Researchers from the European Southern Observatory (ESO) discovered PDS 70c in 2019 using their Very Large Telescope (VLT).

This circumplanetary disk and its counterpart, PDS 70b, are still in the early stages of development and provide a distinct research opportunity to observe planets and moons in their infancy, Space.com said.

Miriam Keppler, a researcher at the Max Planck Institute and study co-author, discovered PDS 70b in 2018.

Scientists have identified many disks surrounding distant stars, and moon-forming disks around planets like this have been thought to have existed before, but this is the first time such a system has been definitively identified, according to Phys.org.

"Our work presents a clear detection of a disk in which satellites could be forming," Myriam Benisty, a researcher at the University of Grenoble in France, said.

Benisty is also a researcher at the University of Chile, who led the new study published Thursday in The Astrophysical Journal Letters.

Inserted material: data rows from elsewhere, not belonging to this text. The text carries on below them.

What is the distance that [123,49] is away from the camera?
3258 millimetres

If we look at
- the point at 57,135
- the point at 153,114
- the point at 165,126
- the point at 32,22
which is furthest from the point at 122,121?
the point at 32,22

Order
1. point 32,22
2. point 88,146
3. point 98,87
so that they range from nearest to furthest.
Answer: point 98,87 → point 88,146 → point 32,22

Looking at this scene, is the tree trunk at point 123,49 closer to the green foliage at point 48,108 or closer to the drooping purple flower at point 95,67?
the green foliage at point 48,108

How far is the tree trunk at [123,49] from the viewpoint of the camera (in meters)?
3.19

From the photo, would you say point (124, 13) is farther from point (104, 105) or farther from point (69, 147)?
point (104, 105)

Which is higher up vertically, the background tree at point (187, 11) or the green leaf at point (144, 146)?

An international group of scientists and astronomers discovered the disk while analyzing the planetary system using the Atacama Large Millimeter/submillimeter Array of telescopes in Chile.

"These new observations are also extremely important to prove theories of planet formation that could not be tested until now," Jaehan Bae, study co-author and a researcher from the Earth and Planets Laboratory of the Carnegie Institution for Science, said in a statement.

"In short, it is still unclear when, where, and how planets and moons form," Stefano Facchini, an astrophysics research fellow at ESO and joint author on the research, said.